The Jakarta Post
President Susilo Bambang Yudhoyono should actually have shelved his pride when inaugurating the much-hyped Suramadu bridge, as most of the manpower, engineering, financing and raw material came directly from China, which is now in the process of strengthening its grip on the Indonesian economy.
Somewhere along the bridge "Made in China" labels may be emblazoned in the structure as more than half of the 28,000 tons of steel and 600,000 tons of alloy steel were imported from China despite the fact state steel company PT Krakatau Steel said it had the capacity to produce the same material.
At least 3,500 workers from Indonesia and China were involved in the development of the bridge that cost Rp 4.5 trillion (US$440 million), with the majority of the funding coming in a soft loan from China.
An Indonesian consortium of PT Adhi Karya and PT Waskita Karya helped their Chinese counterparts, a consortium of China Road and Bridge Corp. and China Harbor Engineering Co.
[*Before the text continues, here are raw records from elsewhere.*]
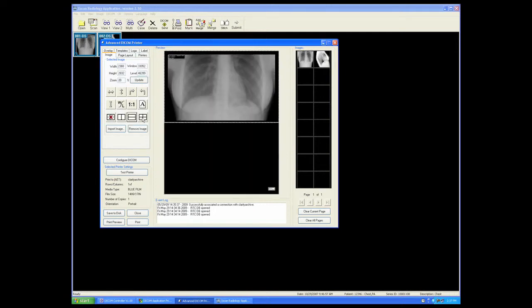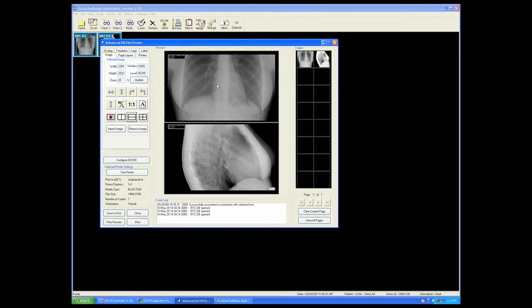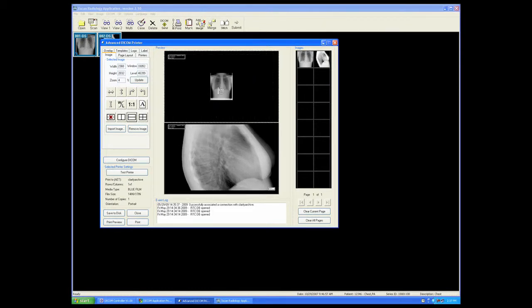And we can zoom, magnify window and level.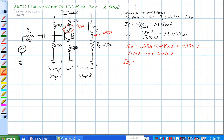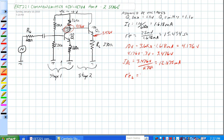The current through R-L for Q2 is equal to 3.476 volts divided by 270 ohms, so I-E2 is 12.875 milliamps. Therefore, R-prime-E2 is equal to 1.941 ohms.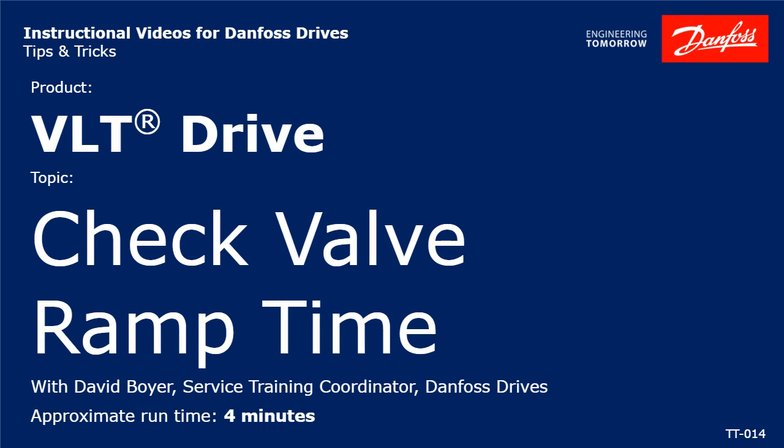Hello, I'm David Boyer, Danfoss Service Training Coordinator, here to explain how to use the check valve ramp time.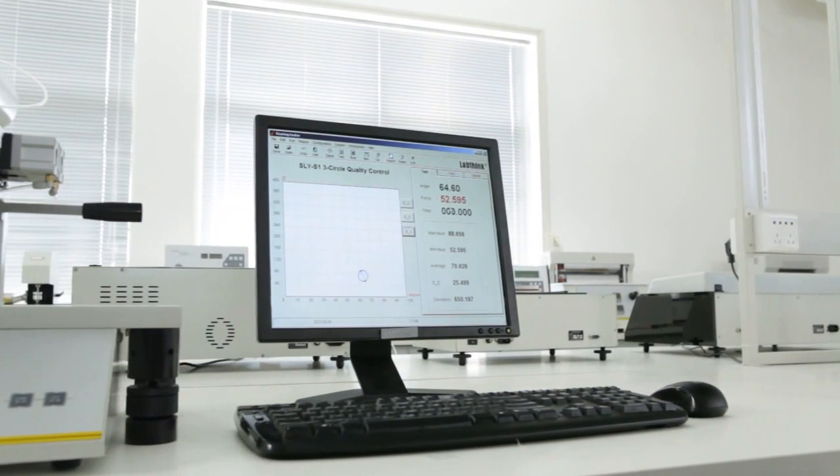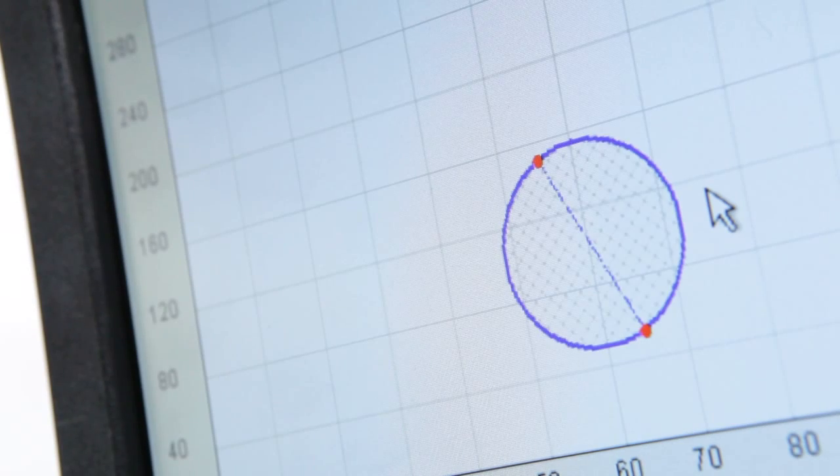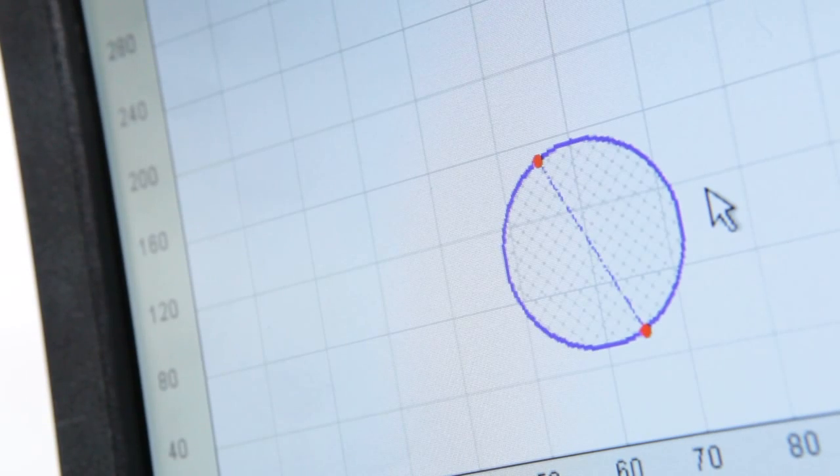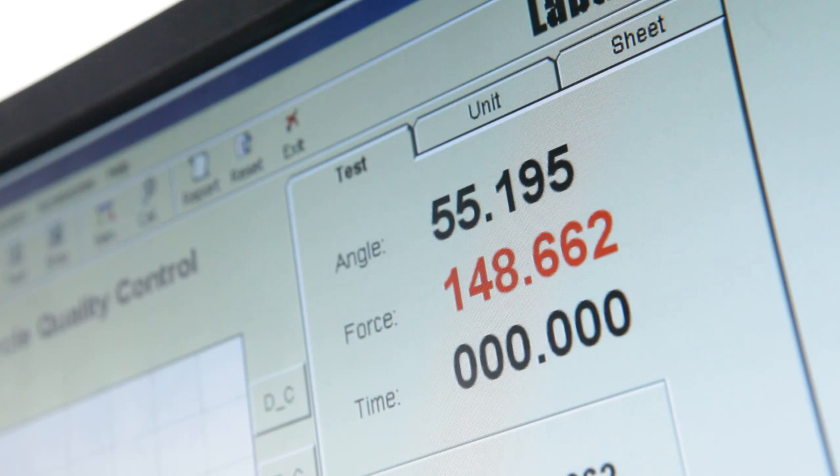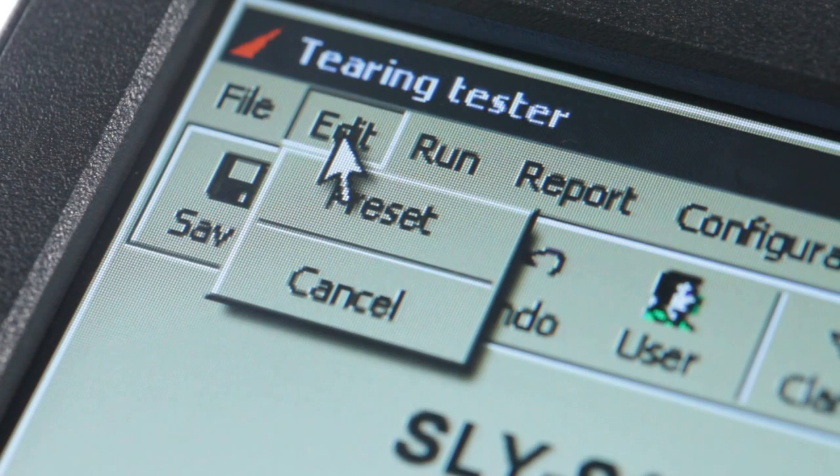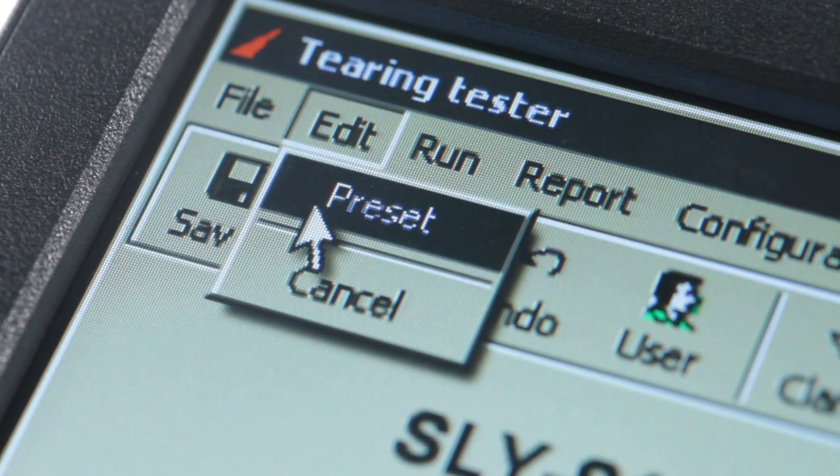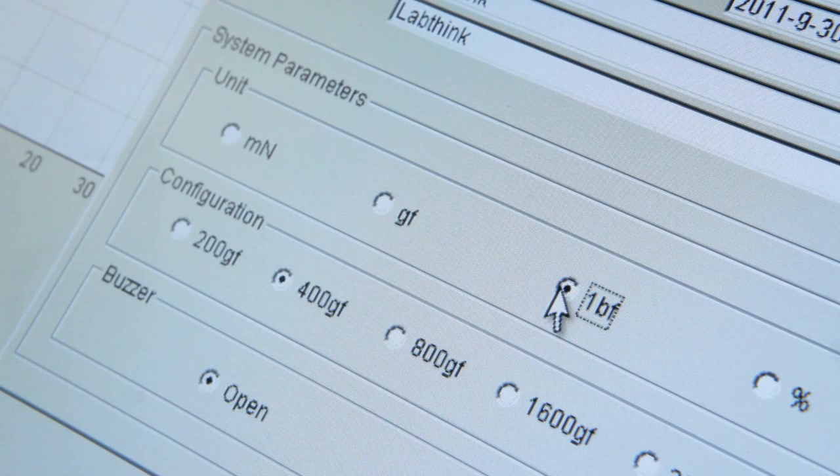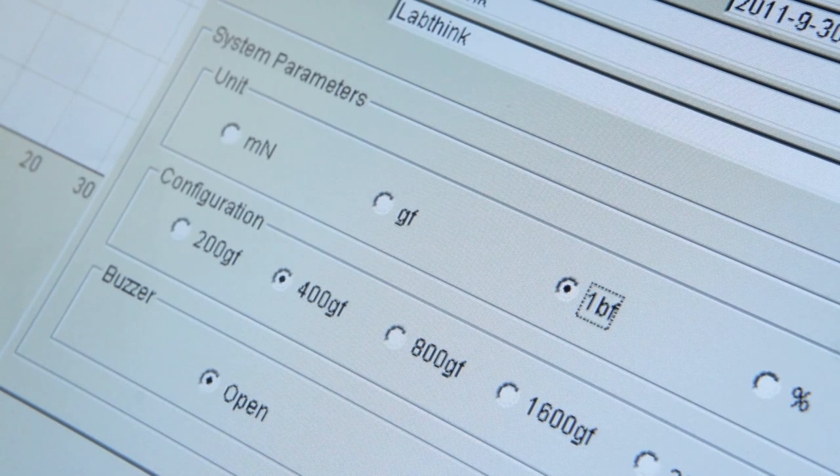The testing software designed by LabThink has an intuitive operation interface and visual display of real-time data and graphs. The testing range can be easily extended by changing the augmenting weight. The corresponding testing range and preferred testing unit can then be selected in the software.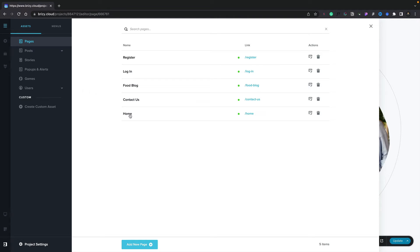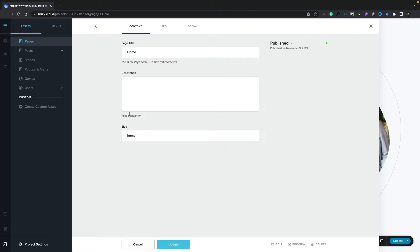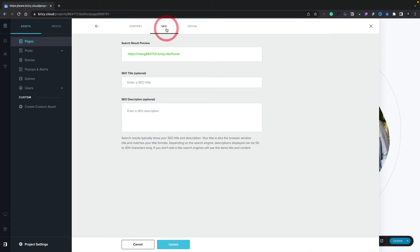Let's go ahead and open up one of our pages. You can see inside there we've got a tab called SEO. If we open this up, this is where we can set the SEO specific to this particular page. We can put the title in and we can put an SEO description in. This will always take precedence over any other SEO options you choose to use and set up when you create your websites in Brizzy Cloud.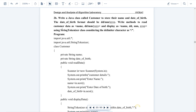In this session we'll discuss Design and Analysis of Algorithm Laboratory, program number 2B. Write a Java class called Customer to store their name and date of birth. The date of birth format should be dd/mm/yyyy. Write methods to read customer data as 'name, dd/mm/yyyy' and display as 'name, dd, mm, yyyy'.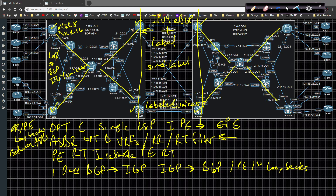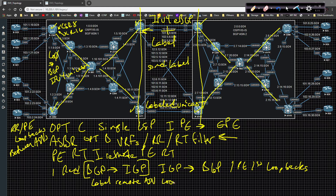The purpose of redistributing BGP into IGP is to allocate a label for all of the remote autonomous systems' loopbacks, so that when traffic is going from the ingress PE on CSR1 to the egress ASBR CSR5, there is an LDP label generated across the wire. We can use LDP to get to the egress ASBR — that is the purpose of doing BGP to IGP redistribution.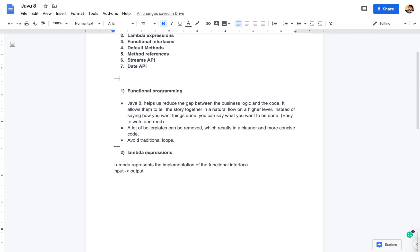This video is short and crisp. First topic: functional programming. Functional programming is easy to read and easy to write. Basically, in Java 7 we had object-oriented programming — everything is classes and objects. From Java 8, alongside objects and classes, we also have functional programming style, which reduces boilerplate code and lines of code.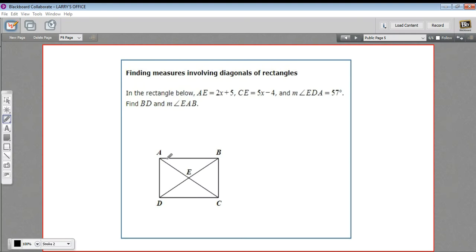In this problem, we have a rectangle with diagonals drawn in. And since a rectangle is a type of parallelogram, you know that these diagonals are going to bisect each other, just like they do in a parallelogram.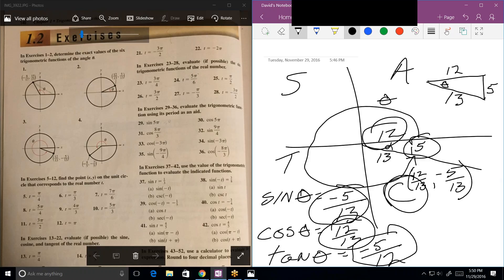Drawing it as part of a unit circle picture is the harder way to really figure it out, but that's where the 'All Students Take Calculus' comes from. Let's look at number four.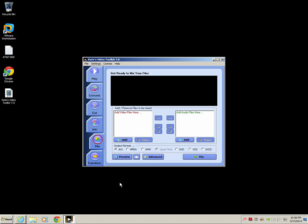Hello, my name is Rick Rogers and today I want to talk to you about Kate's Video Toolkit 7.0. I've been looking for an easy way and a free way to edit my videos to put on YouTube.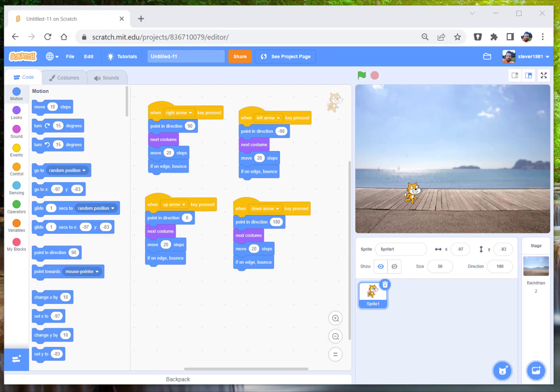Right, so in the previous video we learned how to control the sprite ourselves using the keys on our keyboard. Now we're going to show you how to make the sprite move by itself. Here's a few examples we're going to go through.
Ltd, construct the bridge.
The influx of Chinese flavors in the bridge could not be avoided as under a deal for the bridge financing, China agreed to provide a bigger chunk of the money in exchange for securing most contracts for the construction and for supplying raw material from their companies.
Negotiated during the administration of president Megawati Soe-karnoputri, the bridge is actually a stepping stone for China to bring in similar project financing and construction schemes into Indonesia.
This has become even more apparent, after China agreed to actively participate in the financing and construction of Indonesia's ambitious 10,000-megawatt power plant programs, with Chinese companies securing nearly all the contracts for the construction and for supplying raw material.
While China is taking all the advantage it can from the projects, local companies and government officials will be likely left with a lengthy dispute over which companies will manage and operate the bridge.
Confusion has marred the selection of the operators and managers as ministers echoed different remarks on the issue.
State Minister for State Enterprises Sofyan Djalil has said he had formed a new state company to manage and operate the bridge with its executives currently in the selection process by his office.
He added the new company would also manage the surrounding special business zones, a claim denied by the local administrations, which say they will be in sole charge of managing the areas.
According to Sofyan, the establishment of the new state company will be set out in the draft of a new government regulation.
"We will gain long-term benefit from this bridge project. Thus we have to take care of this infrastructure *under the management of a state company* so it will last for hundreds of years," he said.
The Office of the Coordinating Minister for the Economy also had a hand in stirring up the confusion when it planned to open a bidding process for both local and foreign companies to operate the bridge 18 months after it opens.
"This is the first toll bridge constructed by the government. Once completed, it will be handed over to the private sector. There will be a tender process for that," Bambang said recently. He added the planned state company for the bridge would only act as an advisory board.